Start of Task material
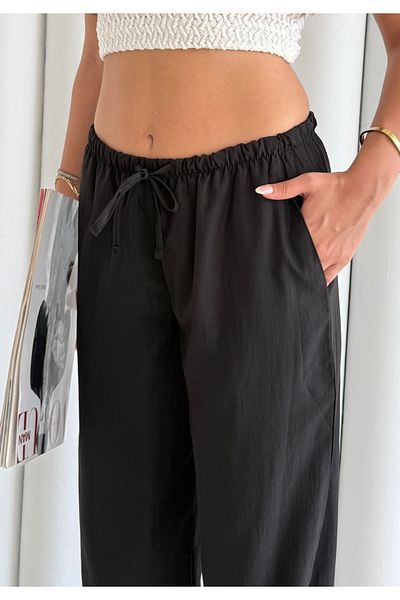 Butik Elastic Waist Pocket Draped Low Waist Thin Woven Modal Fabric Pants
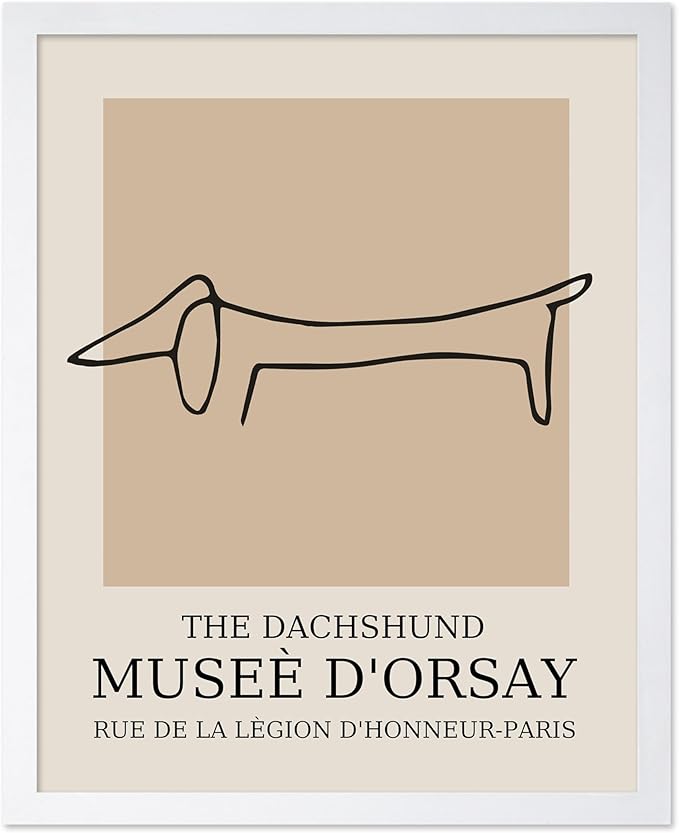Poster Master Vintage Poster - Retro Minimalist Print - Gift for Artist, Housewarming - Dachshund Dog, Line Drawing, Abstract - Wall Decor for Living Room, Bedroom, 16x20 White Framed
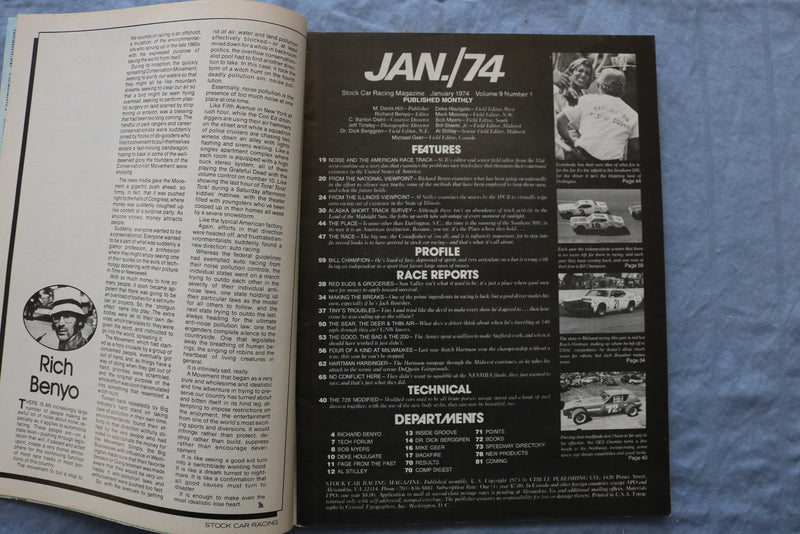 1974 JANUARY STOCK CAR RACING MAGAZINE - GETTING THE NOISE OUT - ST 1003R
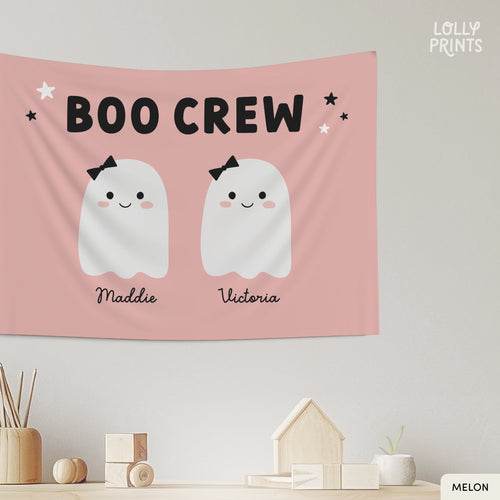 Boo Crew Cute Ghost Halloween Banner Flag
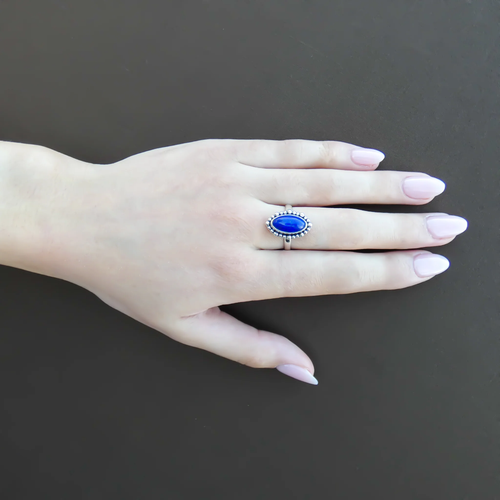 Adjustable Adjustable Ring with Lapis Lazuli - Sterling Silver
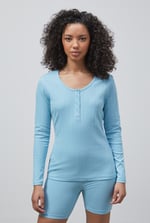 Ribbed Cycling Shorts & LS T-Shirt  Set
End of Task material
What is required: Repeat, exactly and only, the lines from the one containing "1974 JANUARY STOCK" through the final line of the data, both ends included, leaving out any picture.

Answer box:
 1974 JANUARY STOCK CAR RACING MAGAZINE - GETTING THE NOISE OUT - ST 1003R
 Boo Crew Cute Ghost Halloween Banner Flag
 Adjustable Adjustable Ring with Lapis Lazuli - Sterling Silver
 Ribbed Cycling Shorts & LS T-Shirt  Set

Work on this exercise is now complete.